# Bikini model



## JaimeGibb (Sep 15, 2008)

1. 
	

	
	
		
		

		
			





2. 
	

	
	
		
		

		
		
	


	




3. 
	

	
	
		
		

		
		
	


	




I know number 2 is a tad bright on parts, that was on purpose.
Feel free to give me any other fun edits if you feel up to it!


----------



## LAW2 (Sep 16, 2008)

I can't comment on the poses because that is my weakest skill. The highlights on the skin are all too bright for me and my monitor. 
I am not a pro or expert these are only the things that I would have tried. 
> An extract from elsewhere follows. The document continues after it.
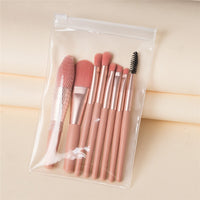 Portable Travel Wood Handle Makeup Brushes Set Eye Shadow Eyebrow Lip Foundation Comestic Tool Brochas Maquillaje Bag Choose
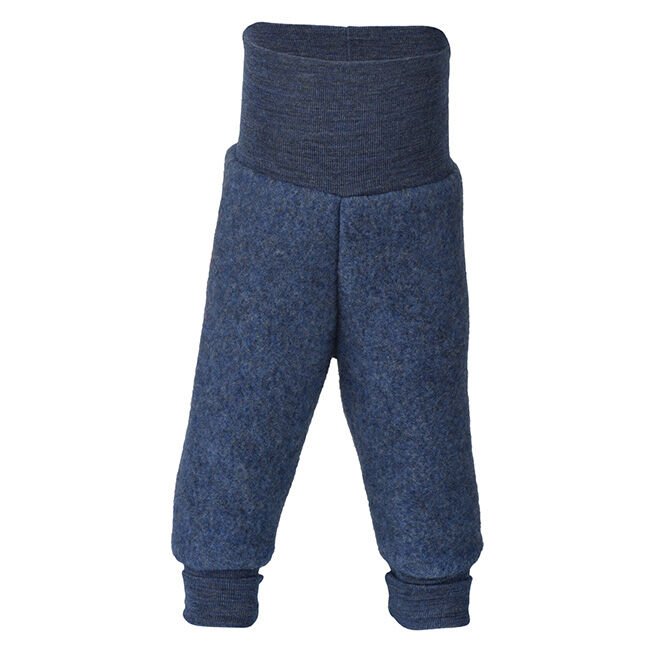 Engel Baby 100% Wool Fleece Pants - Blue Melange image number null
#1 - I would have tried rotating her and yourself counter clockwise so less sun would have kissed her right side. Lens flare could become a problem though looking at the shadow. Nice use of a reflector. Was it a different color than white? Maybe moving the refelctor closer to the camera's axis? Cropped from the left more to get her out of the center.

#2 - for a bikini shot I only see the top. I am assuming its more of a commercial shoot for the suits. As you said bright but on purpose. Anything you can do to even out the size of the eyes? Maybe turn her left shoulder away from camera?

#3 - my favorite. Pretty girl. Tough lighting situation, very contrasty. Shadows are distracting and exposure is high.


----------



## Tiberius47 (Sep 16, 2008)

Try using off camera flash if you can.  In #1 there are blown out highlights.  if you had a flash off at camera right, you could decrease the ambient exposure and use the flash to keep the subject lit.


----------



## fotokman (Sep 16, 2008)

Id use a tad bit of the liquify tool. not saying that to be mean.


----------



## JaimeGibb (Sep 16, 2008)

Yes it was a very contrasty situation, we should have gotten out there a bit earlier than we did!!

I did have a giant reflector, a gold one, and another photographer I am working with that held it and controled it. As for off-camera flash, still working on getting the equipment I need for that!! I have a speedlight but not the wire for it.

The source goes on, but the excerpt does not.